• _What to do_
Among the entries that follow, locate the line with "(c)YOSHIO SHINKAI/SEBUN PHOTO" and the line with "Online Günthart Suikerdecoratie". Output those lines and all lines in between, exactly, minus the pictures.

• _Task inputs_

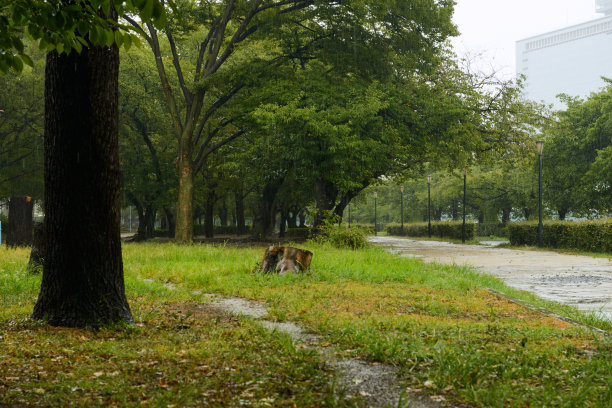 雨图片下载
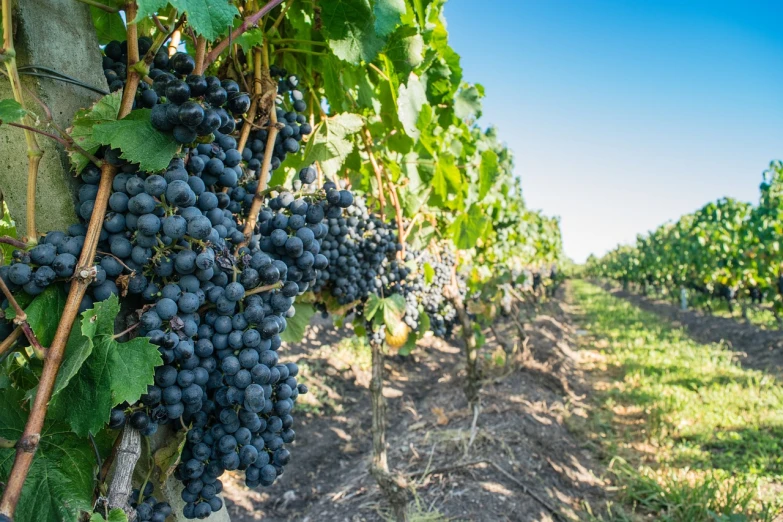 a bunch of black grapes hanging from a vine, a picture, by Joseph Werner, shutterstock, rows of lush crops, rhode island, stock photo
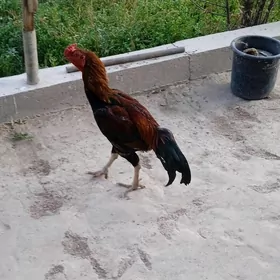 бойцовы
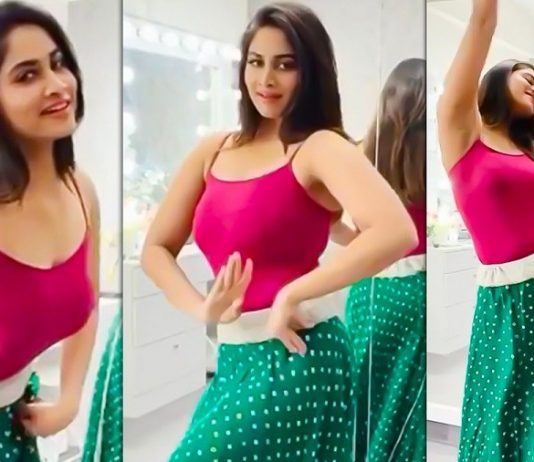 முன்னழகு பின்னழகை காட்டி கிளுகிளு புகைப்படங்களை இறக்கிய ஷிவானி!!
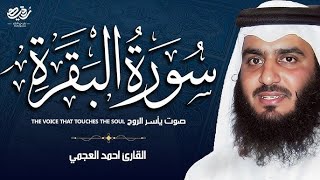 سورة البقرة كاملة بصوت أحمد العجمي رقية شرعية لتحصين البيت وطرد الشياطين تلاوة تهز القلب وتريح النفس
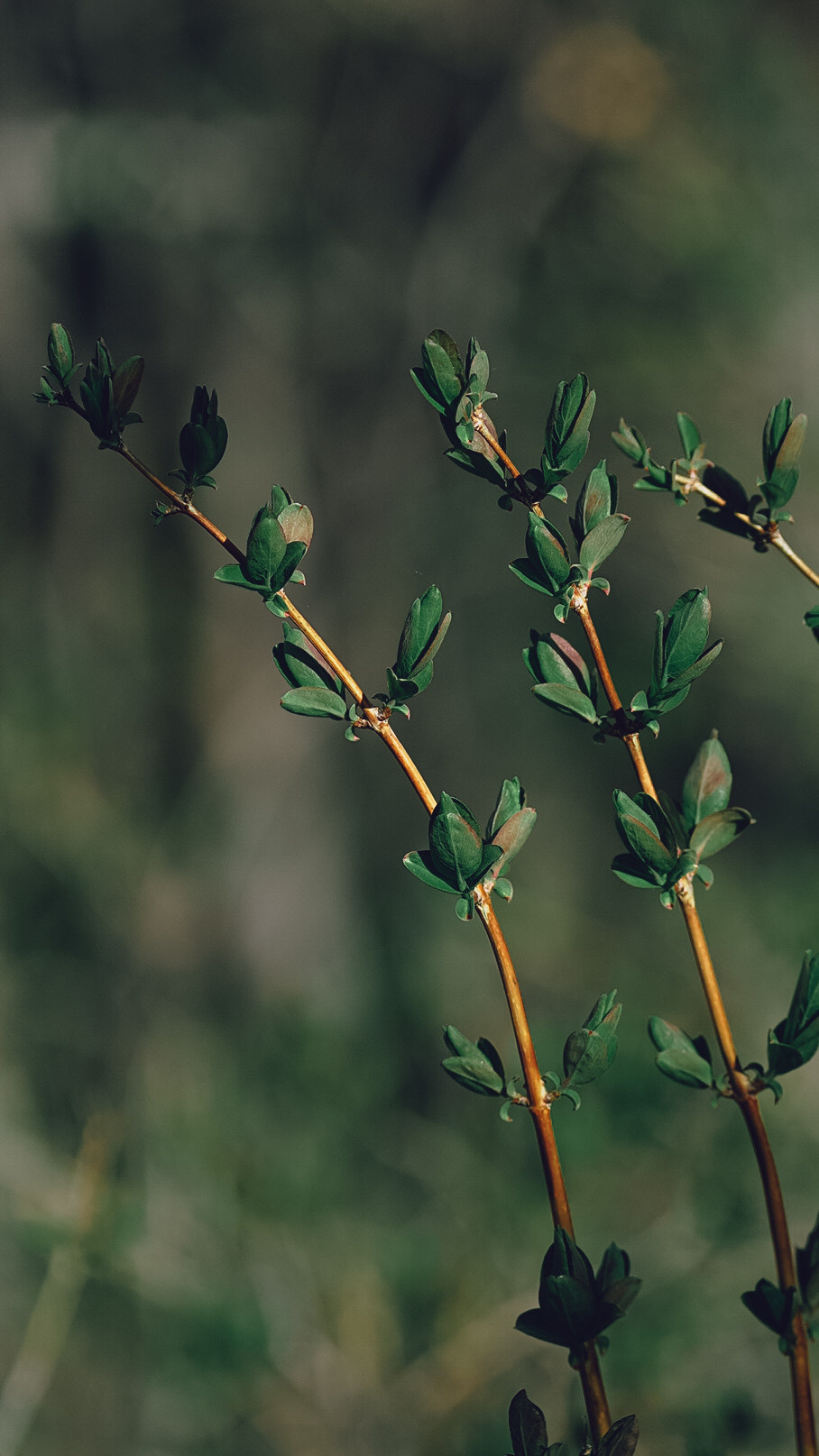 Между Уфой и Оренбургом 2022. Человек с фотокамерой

==

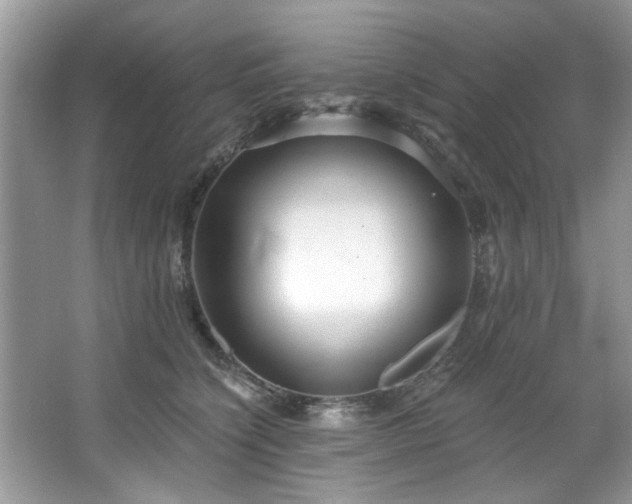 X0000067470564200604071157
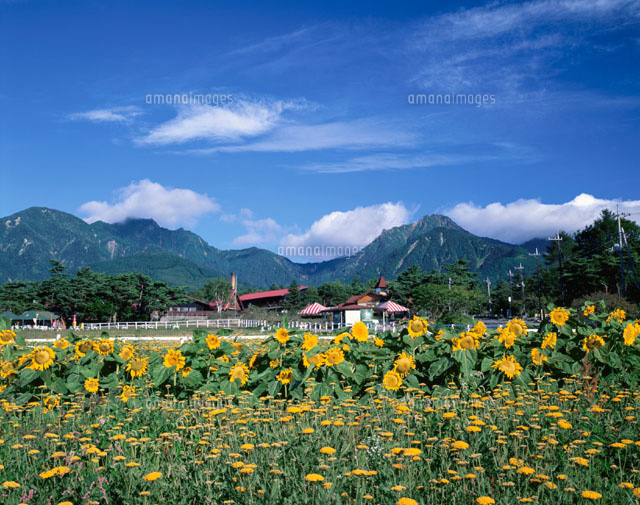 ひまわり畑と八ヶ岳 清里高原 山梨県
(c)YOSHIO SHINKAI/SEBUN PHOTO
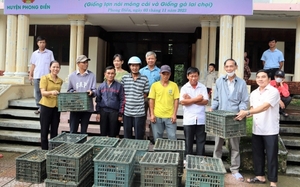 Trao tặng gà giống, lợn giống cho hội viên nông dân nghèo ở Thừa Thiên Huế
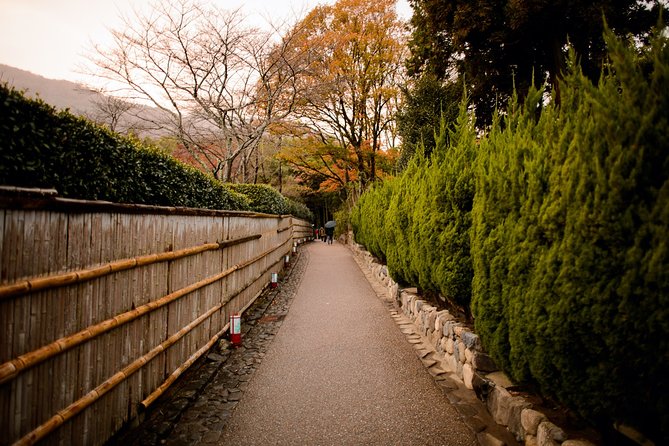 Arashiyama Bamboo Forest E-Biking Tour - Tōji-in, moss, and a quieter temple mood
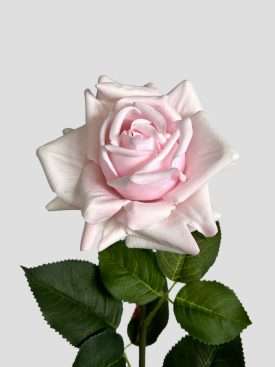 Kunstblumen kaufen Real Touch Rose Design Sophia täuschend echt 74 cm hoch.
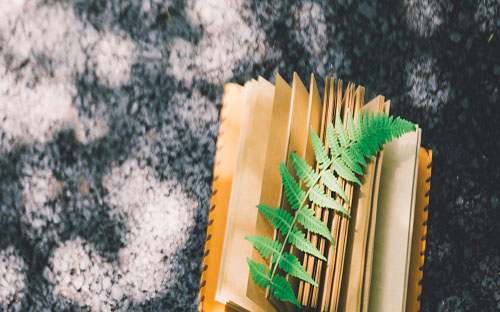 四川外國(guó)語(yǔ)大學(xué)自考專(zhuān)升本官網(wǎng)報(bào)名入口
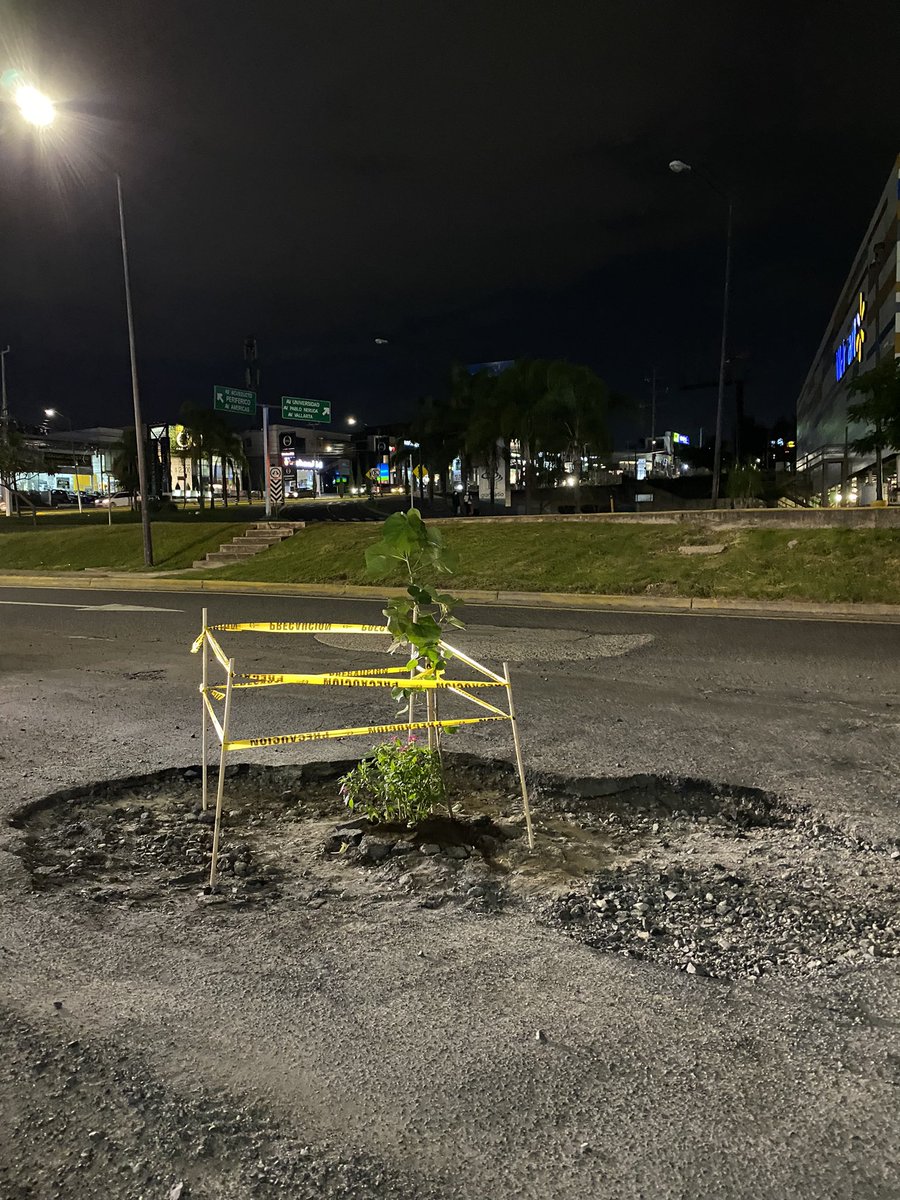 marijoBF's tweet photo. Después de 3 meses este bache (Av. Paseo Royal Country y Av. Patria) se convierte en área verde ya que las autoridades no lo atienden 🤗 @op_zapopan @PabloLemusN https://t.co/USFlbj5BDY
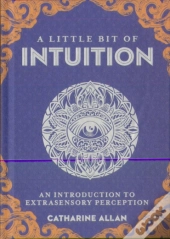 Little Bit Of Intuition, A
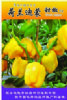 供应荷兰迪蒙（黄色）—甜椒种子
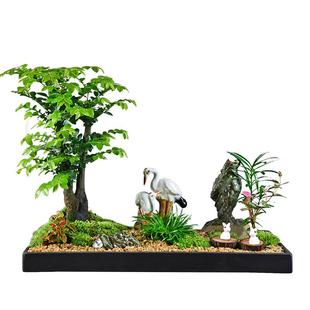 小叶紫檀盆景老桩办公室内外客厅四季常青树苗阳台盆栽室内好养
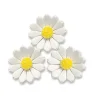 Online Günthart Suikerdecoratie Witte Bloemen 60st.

• _Result_
(c)YOSHIO SHINKAI/SEBUN PHOTO
 Trao tặng gà giống, lợn giống cho hội viên nông dân nghèo ở Thừa Thiên Huế
 Arashiyama Bamboo Forest E-Biking Tour - Tōji-in, moss, and a quieter temple mood
 Kunstblumen kaufen Real Touch Rose Design Sophia täuschend echt 74 cm hoch.
 四川外國(guó)語(yǔ)大學(xué)自考專(zhuān)升本官網(wǎng)報(bào)名入口
 marijoBF's tweet photo. Después de 3 meses este bache (Av. Paseo Royal Country y Av. Patria) se convierte en área verde ya que las autoridades no lo atienden 🤗 @op_zapopan @PabloLemusN https://t.co/USFlbj5BDY
 Little Bit Of Intuition, A
 供应荷兰迪蒙（黄色）—甜椒种子
 小叶紫檀盆景老桩办公室内外客厅四季常青树苗阳台盆栽室内好养
 Online Günthart Suikerdecoratie Witte Bloemen 60st.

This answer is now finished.